All papers should be in HTML/CSS or Tex then just simply converted to PDF.
Why are we even talking about this?
All papers should be in HTML/CSS or Tex then just simply converted to PDF.
Why are we even talking about this?
The problem is having the submissions be in TeX and converting that to HTML, when the only output has been PDF for so long.
The problem isn’t converting HTML to PDF, it’s making available a giant portion of TeX/pdf only papers in HTML.
If you’re arguing that maybe TeX then shouldn’t be the source format for papers then I agree, but other than Typst (which also isn’t perfect about HTML output yet) there aren’t that many widely accepted/used authoring formats for physics/math papers, which is what ArXiV primarily hosts.
HTML doesn't support the necessary features. Citations in various formats, footnotes, references to automatically numbered figures and tables, I could go on and on.

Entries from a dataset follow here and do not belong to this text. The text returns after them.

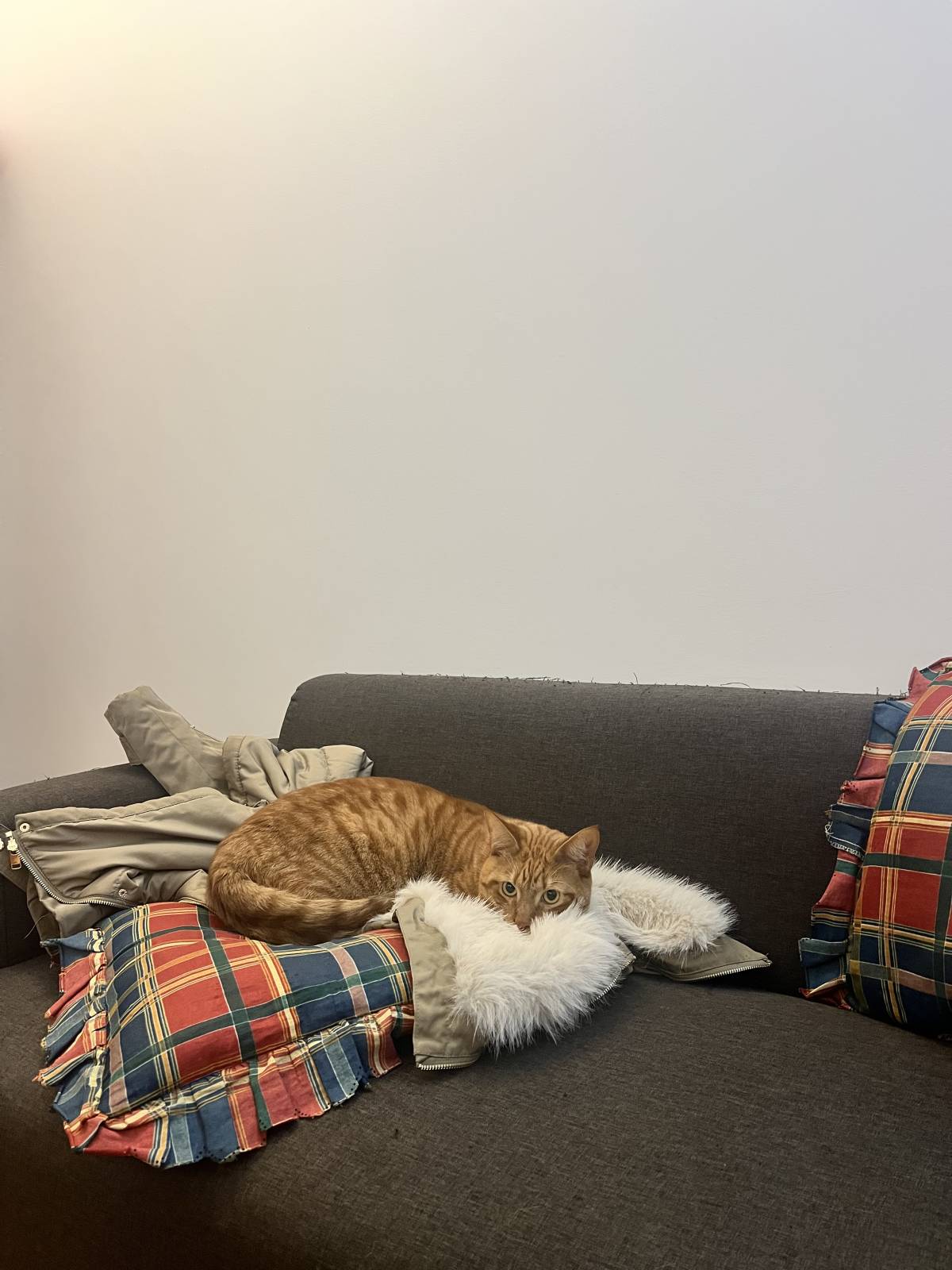 Beatriz Marques - Alcochete - Katzensitter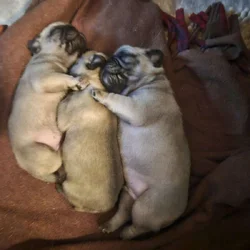 POETTER'S PERFECT PUGS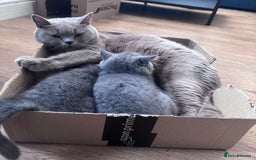 British Shorthair cats for sale: Beautiful Active Male Kitten for Sale – Blue - Image 17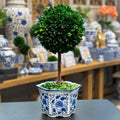 galt international naturally preserved boxwood ball topiary tree, main product view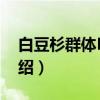 白豆杉群体HS02（关于白豆杉群体HS02介绍）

HTML could certainly be extended to support those, but it hasn't been. That's why we're talking about this.
It doesn't really matter if HTML/CSS is more powerful at a hundred other layout things, if it doesn't provide the absolute necessary features for papers.
> https://developer.mozilla.org/en-US/docs/Web/HTML/Reference/...
> https://codepen.io/tag/citation
footnotes
>https://codepen.io/SitePoint/pen/QbMgvY
references to automatically numbered figures and tables
> https://stackoverflow.com/questions/25869906/table-auto-numb...\
Literally part of Mozilla's docs.
Edit to clarify: The break-after property works with the worthless print dialogues, but doesn't function with "Export to PDF", which is what most people will want to use.
Citations need to generate reference lists. Footnotes require automatic placement at the bottom of each page. Your examples of numbered tables are numbering the rows, not the tables. And figure numbers need to be referenced in the text.
None of what you're pointing to does what academic papers need. Why are you trying to push this agenda?